SANSEPOLCRO – Le rappresentanze Sindacali Unitarie e i delegati sindacali di molte aziende del territorio Umbro stanno rispondendo in modo molto positivo alla iniziativa di CGIL CISL UIL per richiedere la riattivazione della ordinaria viabilità su tutta la E45. L’appuntamento è fissato per domani, venerdì 5 aprile, nello svincolo di Sansepolcro della E45 per la riattivazione del traffico ai mezzi pesanti nel ponte del Puleto.

“Sono pervenute le adesioni di RSU di aziende molto significative che stanno subendo difficoltà per il trasporto dei propri prodotti come le aziende dell’automotiv di Umbertide: le RSU delle aziende di Tiberina Group e della Proma. – scrivono i sindacalisti in nota – Le Rsu delle aziende del commercio come CONAD e COOP che per quanto riguarda in particolare l’ortofrutta hanno uno dei principali riferimenti nel mercato di Cesena. Le RSU di aziende storiche del nostro territorio come quelle della Renzacci, della Cartotecnica Tifernate e della Nardi, o le RSU di aziende che negli ultimi anni stanno vivendo un grande sviluppo come Terex Operation Italy e CVC Gruppo Trigano, per le quali l’incidenza del costo di trasporto ha un peso rilevante sul costo di produzione complessivo”.
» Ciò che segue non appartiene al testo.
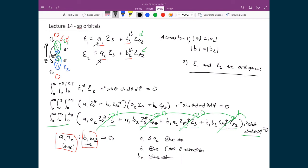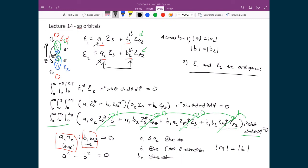Another key result is that since the magnitudes of a1 and a2 are equal and the magnitudes of b1 and b2 are equal, we get a squared minus b squared equals zero, which means the value of a equals the value of b. This means there is an equal mixing of the 2s and 2pz contributions — all four coefficients a1, b1, a2, b2 end up having exactly the same magnitude.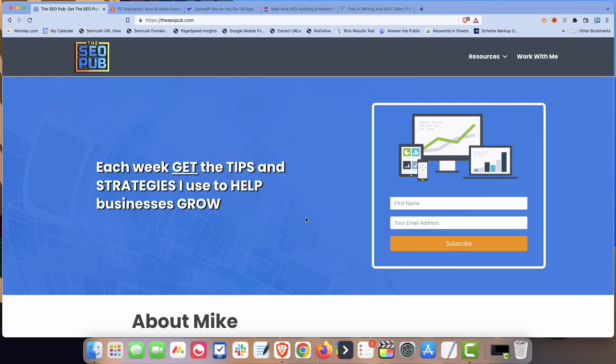They're using them for different things and just show you how these work. Before I dive into that, I want to remind you to head over to theseopub.com. If you haven't already, make sure that you sign up for the email list there. Once a week, I send out tips and strategies like this that I use every single day for clients that I work with. And you want to make sure that you don't miss the next one.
“La RSU della ex FCU ha aderito, sottolineando che oltre al problema E45 è ancora aperta la questione di ripristinare la linea ferroviaria Sansepolcro Perugia oltre che la definizione dell’acquisizione della ferrovia da parte FS, per rilanciare questa infrastruttura come elemento di sostegno allo sviluppo economico e sociale dell’Umbria. – proseguono – Anche nel settore alimentare le RSU della Giuntini Mangimi e dei Molini Popolari Riuniti hanno aderito all’iniziativa facendo rilevare i gravi disagi che il blocco del transito alle merci sul ponte del Puleto sta determinando alla quotidiana attività aziendale e l’aggravio di costi per le aziende. Le RSU delle cementerie Colacem e Barbetti hanno dato la propria adesione sottolineando che investire nella manutenzione delle infrastrutture è una necessità per la crescita economica e l’efficientamento del paese. Altre adesioni sono venute dalle RSU della SCACF, della Litograf, dal Comune di San Giustino, della Stile Pavimenti in Legno, SO.GE.P.U. I lavoratori sono preoccupati come le Imprese per l’allungamento dei tempi per la riapertura al traffico pesante della E45, perché ogni giorno che passa incide all’abbassamento della competitività delle aziende del territorio, e un rischio ii più è un grave handicap per la Regione Umbria e per i territori del Centro Italia che stanno subendo un danno in termini anche pendolarismo, di turismo e scambio economico”.

“E’ evidente che la riattivazione della E45 in tutto il suo percorso anche ai mezzi di trasporto merci e gli autobus è un tema fortemente sentito tra i lavoratori – concludono – consapevoli che uno dei fattori della competitività aziendale passa per un sistema infrastrutturale adeguato e moderno, che oggi è mancante nell’Alto Tevere”.